Ho sempre tenuta ben stretta la razionalità anche quando ragiono o mi occupo di fatti o discorsi che riguardano la fede.
Io sono ben legato all’affermazione: “Credo ut intelligam ed intelligo ut credam” credo per capire più a fondo e meglio e cerco motivazioni razionali perché facciano da supporto alla mia fede e la rendano credibile per chi mi sta accanto.
Però non ho mai disdegnato di dare un giusto rilievo anche alle sensazioni, ai sentimenti emotivi che accompagnano e talvolta avvolgono i fatti di fede.
Come ho confessato più volte adopero, per la mia meditazione mattutina, un libretto edito dalla congregazione metodista di Genova, una delle tante chiese nate dal movimento protestante, particolarmente diffusa negli Stati Uniti d’America, ma diffusa in tutto il mondo.
La paginetta quotidiana parte da qualche riga del nuovo o vecchio testamento ed è commentata da uno dei tanti fedeli aderenti ad una piccola comunità cristiana sparsa nel mondo, che fa capo a questa chiesa protestante.
Sono quasi sempre riflessioni ingenue, che si rifanno a delle esperienze personali, quasi a commento, supporto e prove della validità del dato biblico.
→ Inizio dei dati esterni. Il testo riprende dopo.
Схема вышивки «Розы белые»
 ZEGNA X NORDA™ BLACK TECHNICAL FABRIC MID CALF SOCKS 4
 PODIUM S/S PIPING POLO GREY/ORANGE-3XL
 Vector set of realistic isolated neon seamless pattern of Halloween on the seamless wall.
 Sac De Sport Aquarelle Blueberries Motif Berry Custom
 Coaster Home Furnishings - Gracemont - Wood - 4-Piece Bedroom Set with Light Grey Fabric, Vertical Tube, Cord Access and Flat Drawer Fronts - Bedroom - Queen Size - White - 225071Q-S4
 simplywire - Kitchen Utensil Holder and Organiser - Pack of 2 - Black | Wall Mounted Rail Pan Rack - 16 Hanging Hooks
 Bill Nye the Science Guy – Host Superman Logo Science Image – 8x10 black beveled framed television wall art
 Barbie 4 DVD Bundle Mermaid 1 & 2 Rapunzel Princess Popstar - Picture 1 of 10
Talvolta sono centrate, talvolta un po’ tirate, ma sempre fresche, candide, luminose e soprattutto illuminate dalla fede che fa brillare come il prato verde illuminato dalla rugiada mattutina.
Mi pare di avvertire, sempre più, che la fede ha bisogno per esprimersi, per farsi sentire vera e convinta, anche di questa freschezza, di questo candore e di questo entusiasmo che sa quasi di estasi e letizia interiore. Sono stanco di una religiosità compassata quasi preoccupata di non avere il consenso degli uomini e dei ben pensanti. Sono anzi sempre più convinto che la fede deve esprimersi con l’incontro di chi è veramente innamorato.